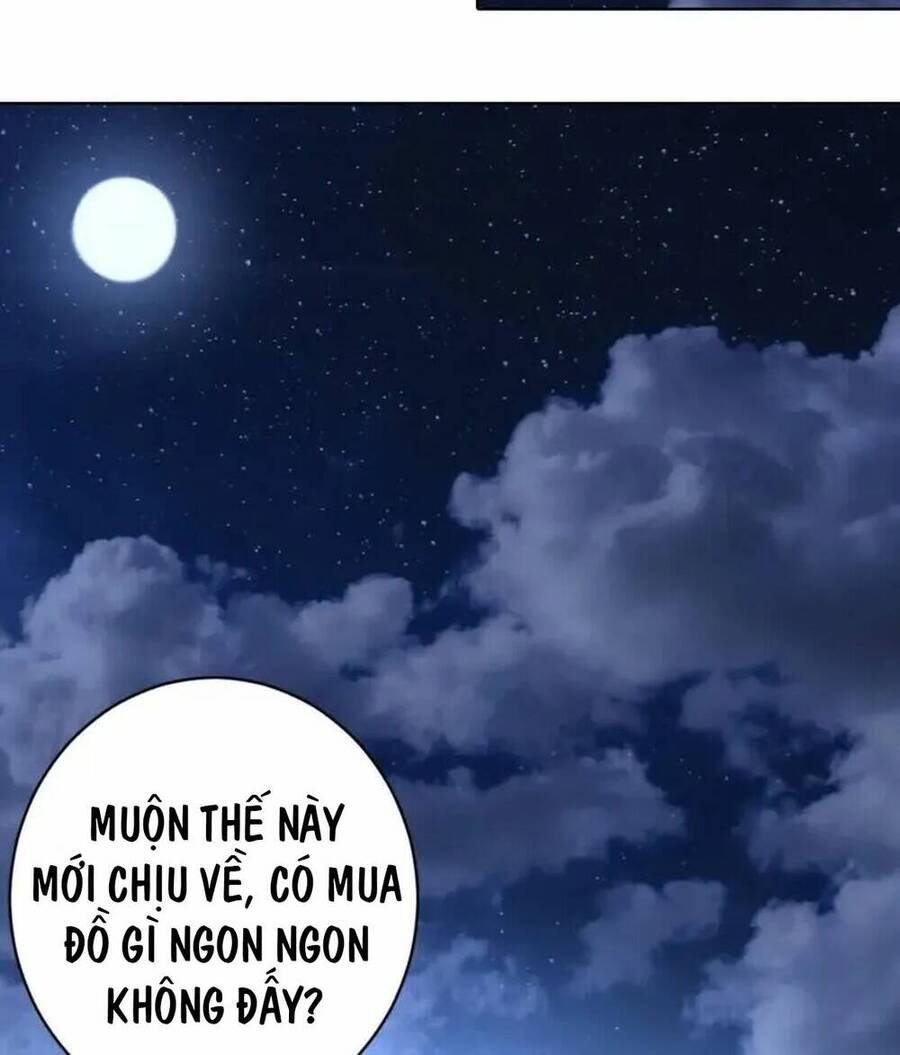 Trở Thành Thần Chủ Cthulhu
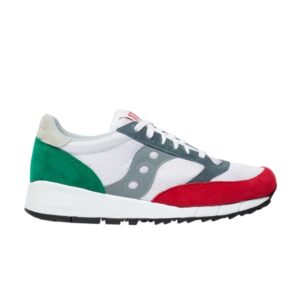 Baskets Alife x Saucony Jazz 91 Rouge S70252 1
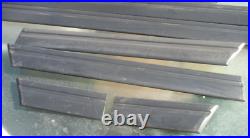 RANGE ROVER P38 94-02 DOOR VOGUE RUBBING STRIP TRIM front rear left right SET RANGE ROVER P38 94-02 DOOR VOGUE RUBBING STRIP TRIM front rear left right SET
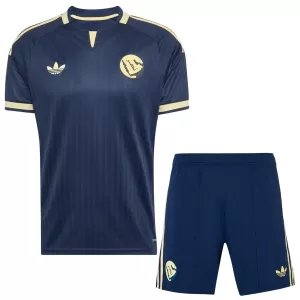 Al-Nassr FC Uittenue Kinderen 26/27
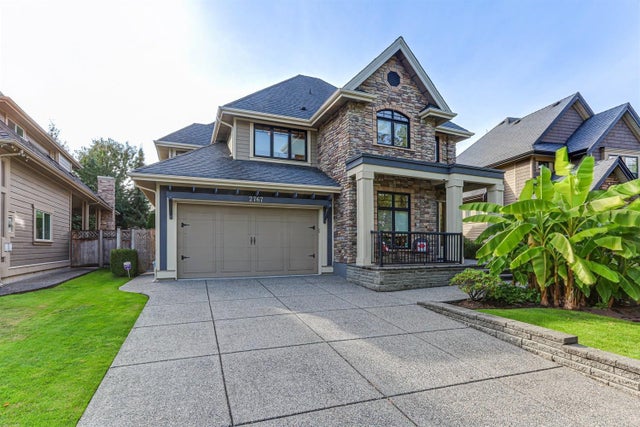 2767 162 Street, Surrey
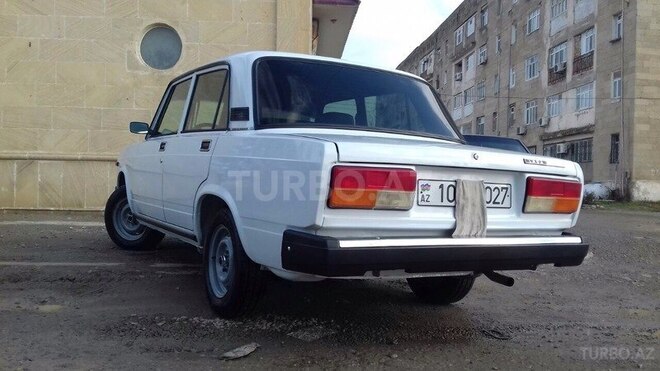 LADA (VAZ) 2107 2006, 91,800 km - 1.6 l - Şirvan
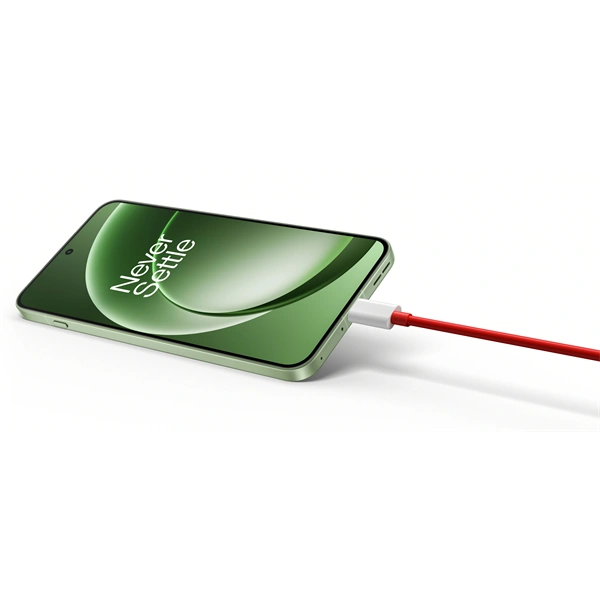 OnePlus 15R 6,83" 5G 12/256GB DualSIM zöld okostelefon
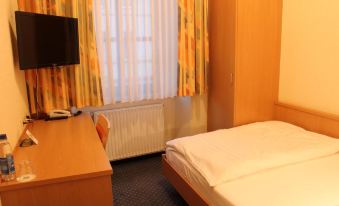 City Hotel Neuwied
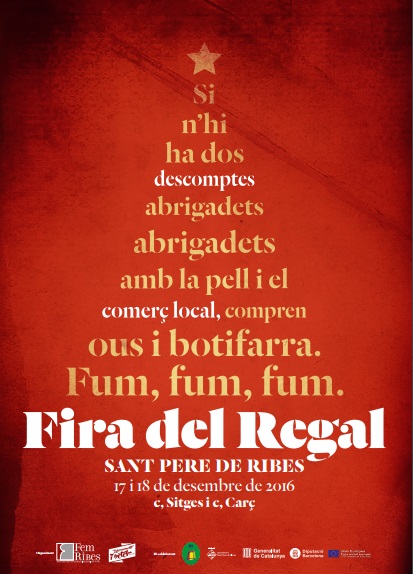 Fira del Regal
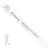 Ledvance Tubo LED T8 Performance (EM/Mains) High Output 6.8W 1100lm - 840 Blanco Frio | 60cm - Reemplazo 18W - Sensor De Movimiento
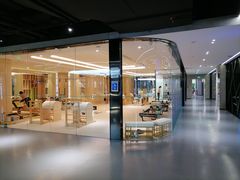 -懒人Club运动健身·运动康复·私教(卓越时代广场店)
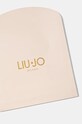 Liu Jo esarfa negru 2F4093.T0300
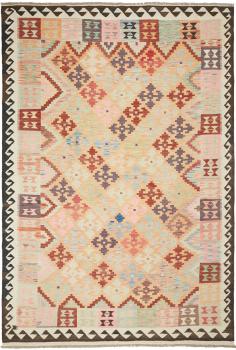 Kilim Afghan 298x199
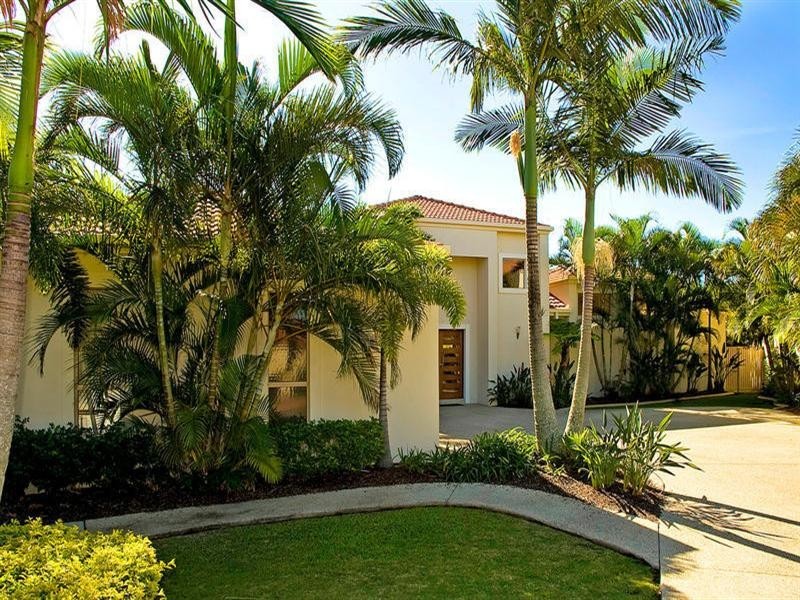 1633 Argyle Court, Hope Island QLD 4212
■ ■ ■
- [WHAT THE EXERCISE ASKS]: Could you give the listing above again word for word, without any pictures?

- [REPLY]:
 Trở Thành Thần Chủ Cthulhu
 Baskets Alife x Saucony Jazz 91 Rouge S70252 1
 RANGE ROVER P38 94-02 DOOR VOGUE RUBBING STRIP TRIM front rear left right SET RANGE ROVER P38 94-02 DOOR VOGUE RUBBING STRIP TRIM front rear left right SET
 Al-Nassr FC Uittenue Kinderen 26/27
 2767 162 Street, Surrey
 LADA (VAZ) 2107 2006, 91,800 km - 1.6 l - Şirvan
 OnePlus 15R 6,83" 5G 12/256GB DualSIM zöld okostelefon
 City Hotel Neuwied
 Fira del Regal
 Ledvance Tubo LED T8 Performance (EM/Mains) High Output 6.8W 1100lm - 840 Blanco Frio | 60cm - Reemplazo 18W - Sensor De Movimiento
 -懒人Club运动健身·运动康复·私教(卓越时代广场店)
 Liu Jo esarfa negru 2F4093.T0300
 Kilim Afghan 298x199
 1633 Argyle Court, Hope Island QLD 4212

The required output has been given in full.